Interesting, depressing... and unfortunately a necessary book to read right now as our modern liberal democracies begin their "Jacobin cycle": moving from creeping authoritarianism towards totalitarianism-lite, on their way eventually towards something far, far worse.
Read with:
Franz Kafka: The Trial
George Orwell: 1984
Notes:
* The Jacobin cycle is a useful lens to think about how countries in a perpetual state of "progressive revolution" simply eat themselves alive: one group of revolutionaries liquidates those who came before them as "approved" policies and ideas change... only for that next generation to be executed themselves by the generation to come. It's like an ouroboros eating itself in a perpetual cycle of self-annihilation.
* Note that today's cancel culture, the politics-based deplatforming, demonetizing and firings that happen here in the USA are simply Soviet-lite: it's the same type of mechanism at work. Who knows, we may be a bare thread from "progressing" to the real thing.
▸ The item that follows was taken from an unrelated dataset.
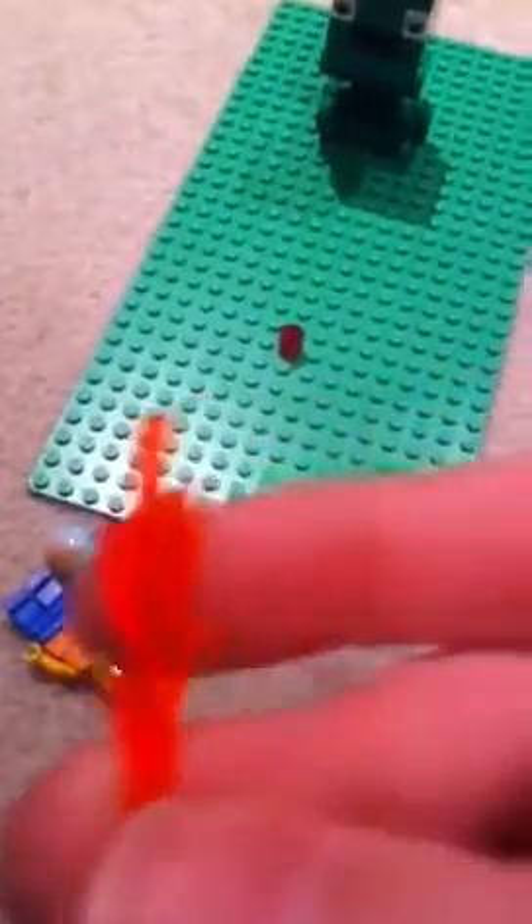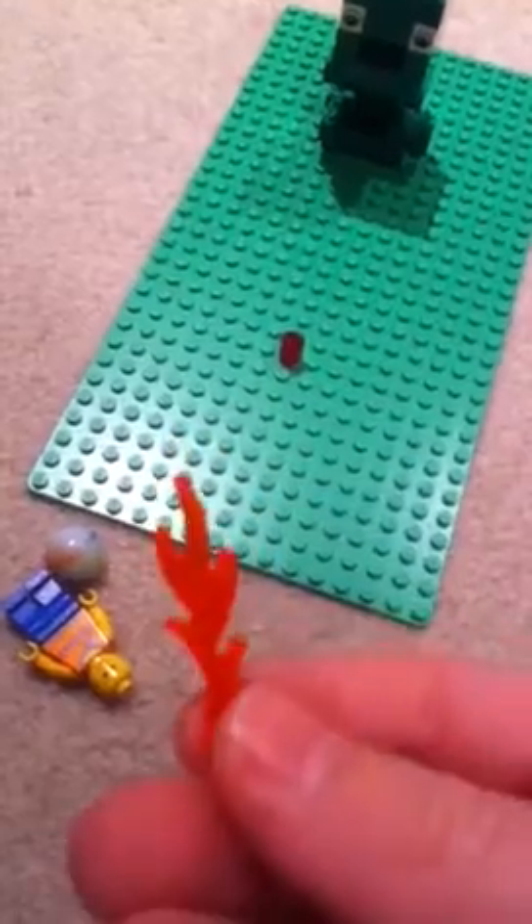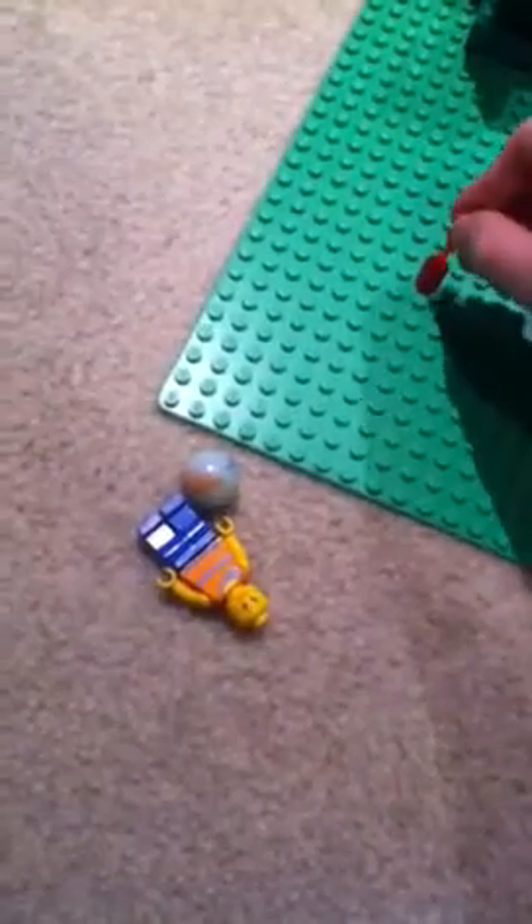Sorry, ignore that — that was my cat. You take that and then you take like a little flamey thing. They're hard to find nowadays. And you put it in like that.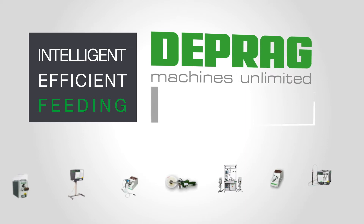Intelligent. Efficient. Feeding. With DEPRAG feeding technology.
* The cynicism and nihilism in this book is almost unbearable: the main character knows so much about what it's like to be inside one of these socialist prisons that he can draw all kinds of conclusions from the person in the cell next to him just by how he taps code on the wall. "In all probability he was now sitting on his bunk, writing his hundredth protest to the authorities, who will never read it, or the hundredth letter to his wife, who will never receive it..."
* The psychological aspects of confinement, especially long-term solitary confinement: waking dreams, psychosis, etc.
* Interesting also to ponder the masturbatory version of history that socialist and communist true believers hold: that history is an irresistible river or a tide that sweeps everything in its way--and you just have to play your part in it without conscience, without agency even. It doesn't matter whether "your part" involves killing someone, torturing someone, sacrificing someone so that you get off lightly in a show-trial, etc., none of it matters in the context of this view of history. Even your own torture, your own death does not matter. You're just another egg to be cracked in the making of an omelette.
* On the idea of rule of law or fair play being a laughable joke in the totalitarian era: "We were the first to replace the nineteenth century's liberal ethics of "fair play" by the revolutionary ethics of the twentieth century. In that also we were right: a revolution conducted according to the rules of cricket is an absurdity."
* Doing the right thing (for example, defending your friend or lover from political attacks) is "petty bourgeois morality."
* There's an interesting meta-ethical discussion that happens between the main character Rubakov and his acquaintance and jailer Ivanov over the course of the book: on the ethics of having ethics in an environment where history rolls towards its inescapable conclusion; on the ethics of renouncing violence after living a life of violence and participating in the liquidation of one's own political enemies; the temptation to make peace with oneself when there can be no such thing in this type of regime, etc.
* The author writes a diary articulating his philosophy of the "social maturity" of the masses: it is rhetoric with no moral, logical or ethical core; it's a long winded midwit justification for state-sponsored murder and totalitarianism, nothing more; but the result is it helps the main character himself to die in silence and abase himself at the foot of the machine that he helped put into place..
* Another interesting ethical debate (articulated via tapping on the wall in code between the main character and the inmate in the next cell) whether "honor is to live and die for one's belief" or "honor is to be useful without vanity" (in other words to die for the regime regardless of how arbitrary the reasons).
* On how everyone else who read about or witnessed the various show-trials during this era were confidently certain of the guilt of the accused: "So now you see," said Vera Wassiljovna, "he says himself that he is a traitor. If it weren't true, he wouldn't say so himself."
* A bonus: the reader gets familiarized with certain important figures in the French Revolution: for example Georges Danton and Louis Antoine de Saint-Just, both important players in the Jacobin and Robespierre terror and guillotining of political opponents as the French played ouroboros on their civilization in the mid 1790s.
* "They were all guilty, although not of those deeds of which they accused themselves."